Task prompt
The material below includes pictures; leave them out and return only the lines between the line containing "Novo Real Po Oxy Power Gold..." and the line containing "SmallRig 3919 Wireless", inclusive, word for word.

Data listing
□ □ □ □ □

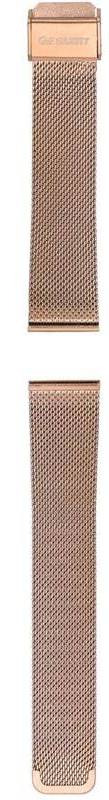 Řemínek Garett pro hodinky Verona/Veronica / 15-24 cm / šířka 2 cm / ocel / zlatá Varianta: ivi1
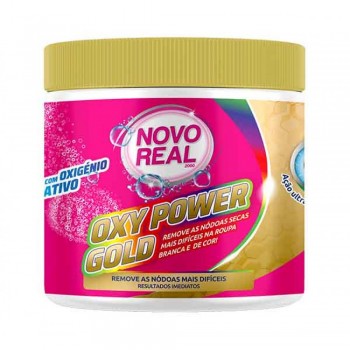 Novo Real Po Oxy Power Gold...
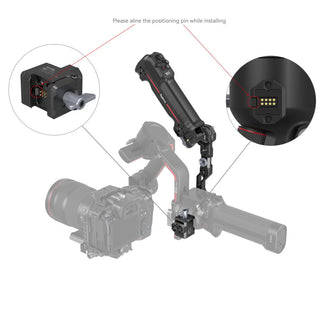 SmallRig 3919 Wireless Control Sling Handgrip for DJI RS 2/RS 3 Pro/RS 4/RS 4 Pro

□ □ □ □ □

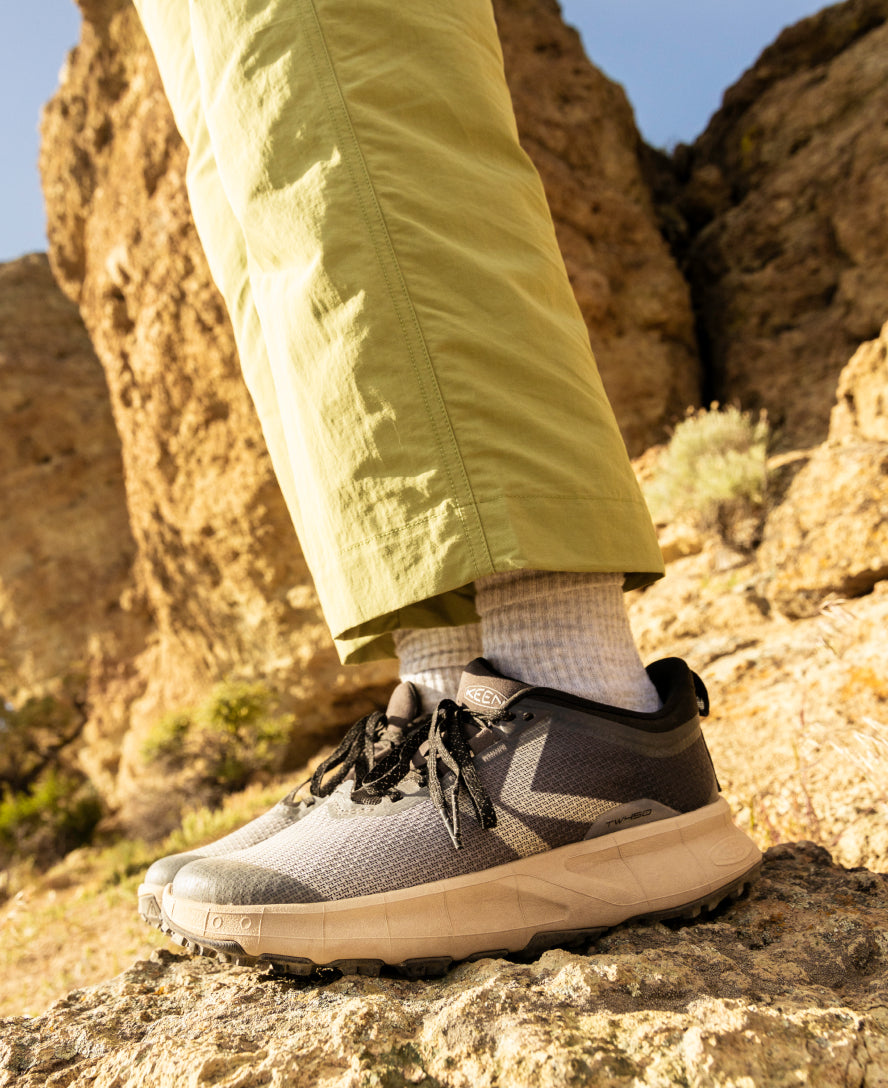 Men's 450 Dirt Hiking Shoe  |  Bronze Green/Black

□ □ □ □ □

Result for this task
 Novo Real Po Oxy Power Gold...
 SmallRig 3919 Wireless Control Sling Handgrip for DJI RS 2/RS 3 Pro/RS 4/RS 4 Pro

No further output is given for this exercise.